ClientError: 422 client error: {'message': 'The endpoint does not support retraining blender on a different featurelist'}

### Which one is the best?

In [36]:
best_model.blueprint_id

'ff0fd70aff222fc804a803438f7f2ed7'

In [21]:
models_rerun = [model for model in project.get_models() 
                    if model.blueprint_id == best_model.blueprint_id and model.sample_pct > 63]

NameError: name 'best_single_model' is not defined

In [None]:
models_rerun

In [None]:
accuracies = [[model.featurelist.name, model.metrics['AUC']['validation']] for model in models_rerun]
accuracies

### Train on 100% of Data

In [None]:
project.unlock_holdout()
id_for_best_retrained_model = best_model.train(sample_pct=100)

## Predictions
There are 2 ways to generate predictions from any model using the DataRobot API:
#### Modelling API
You can use the modelling API if you use Python or R. There are multiple functions and objects to interact with it the same way as above.
#### Prediction API
Any project can be called with the Prediction API. This is a simple REST API. Click on a model in the UI, then "Deploy Model" and "Activate now". You'll have access to a Python code snippet to help you interact with it.

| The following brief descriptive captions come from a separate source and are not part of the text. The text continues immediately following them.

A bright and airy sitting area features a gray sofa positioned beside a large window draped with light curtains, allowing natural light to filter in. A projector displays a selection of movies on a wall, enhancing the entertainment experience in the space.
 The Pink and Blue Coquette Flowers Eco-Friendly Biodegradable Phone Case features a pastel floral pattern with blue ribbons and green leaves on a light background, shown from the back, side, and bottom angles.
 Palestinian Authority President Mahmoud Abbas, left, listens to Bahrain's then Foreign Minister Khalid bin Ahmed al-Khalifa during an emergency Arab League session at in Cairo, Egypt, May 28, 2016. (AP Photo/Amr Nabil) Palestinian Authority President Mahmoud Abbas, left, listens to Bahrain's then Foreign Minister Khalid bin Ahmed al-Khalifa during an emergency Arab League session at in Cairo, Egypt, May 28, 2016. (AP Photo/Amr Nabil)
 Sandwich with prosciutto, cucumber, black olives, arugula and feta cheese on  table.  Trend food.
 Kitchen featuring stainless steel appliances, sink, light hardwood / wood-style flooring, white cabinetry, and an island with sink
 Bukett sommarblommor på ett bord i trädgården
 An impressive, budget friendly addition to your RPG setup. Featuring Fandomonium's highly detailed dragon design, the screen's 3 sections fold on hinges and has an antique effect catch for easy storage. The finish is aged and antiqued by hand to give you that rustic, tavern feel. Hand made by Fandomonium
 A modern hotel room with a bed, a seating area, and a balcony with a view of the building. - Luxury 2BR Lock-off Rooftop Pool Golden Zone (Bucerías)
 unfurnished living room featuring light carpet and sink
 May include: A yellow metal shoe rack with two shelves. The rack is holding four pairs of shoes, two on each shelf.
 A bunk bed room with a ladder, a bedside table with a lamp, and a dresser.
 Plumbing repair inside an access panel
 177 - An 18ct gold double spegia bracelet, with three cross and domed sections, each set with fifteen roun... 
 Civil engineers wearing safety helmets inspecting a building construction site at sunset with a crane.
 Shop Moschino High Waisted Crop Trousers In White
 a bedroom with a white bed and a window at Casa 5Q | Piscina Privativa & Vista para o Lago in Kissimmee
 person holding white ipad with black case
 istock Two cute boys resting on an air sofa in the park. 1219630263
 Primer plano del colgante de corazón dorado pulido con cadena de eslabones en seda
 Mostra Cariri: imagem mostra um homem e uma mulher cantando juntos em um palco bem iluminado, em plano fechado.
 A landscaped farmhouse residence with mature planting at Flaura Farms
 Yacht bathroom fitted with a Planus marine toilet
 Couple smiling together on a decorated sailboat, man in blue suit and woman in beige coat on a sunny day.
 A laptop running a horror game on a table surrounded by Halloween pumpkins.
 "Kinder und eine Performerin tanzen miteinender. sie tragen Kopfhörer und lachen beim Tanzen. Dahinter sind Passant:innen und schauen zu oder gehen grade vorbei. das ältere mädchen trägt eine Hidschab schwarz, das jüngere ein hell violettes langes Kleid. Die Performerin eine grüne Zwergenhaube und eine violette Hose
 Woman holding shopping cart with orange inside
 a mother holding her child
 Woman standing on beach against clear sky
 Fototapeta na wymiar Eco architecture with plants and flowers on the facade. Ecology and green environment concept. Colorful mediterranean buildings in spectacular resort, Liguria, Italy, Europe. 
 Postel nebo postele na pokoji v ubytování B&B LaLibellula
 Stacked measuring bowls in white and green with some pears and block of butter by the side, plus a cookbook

### Using the Modelling API

In [43]:
test_df = pd.read_csv('data/Diabetes_test.csv', encoding='ISO-8859-1') #Load testing data
test_df.drop('readmitted', inplace=True, axis=1) #Dropping target column

prediction_data = project.upload_dataset(test_df)
predict_job = best_model.request_predictions(prediction_data.id)
result = predict_job.get_result_when_complete()

In [None]:
result

### Using the prediction API

![title](media/prediction_api.png)

See demonstration.

### Batch scoring script
If you're predicting on large amount of batch data, a single API call might not be efficient and you might want to split your data into multiple chunks before generating predictions.

DataRobot provides a Python script to help you do it: https://pypi.python.org/pypi/datarobot_batch_scoring

Note this is only available in Python 3.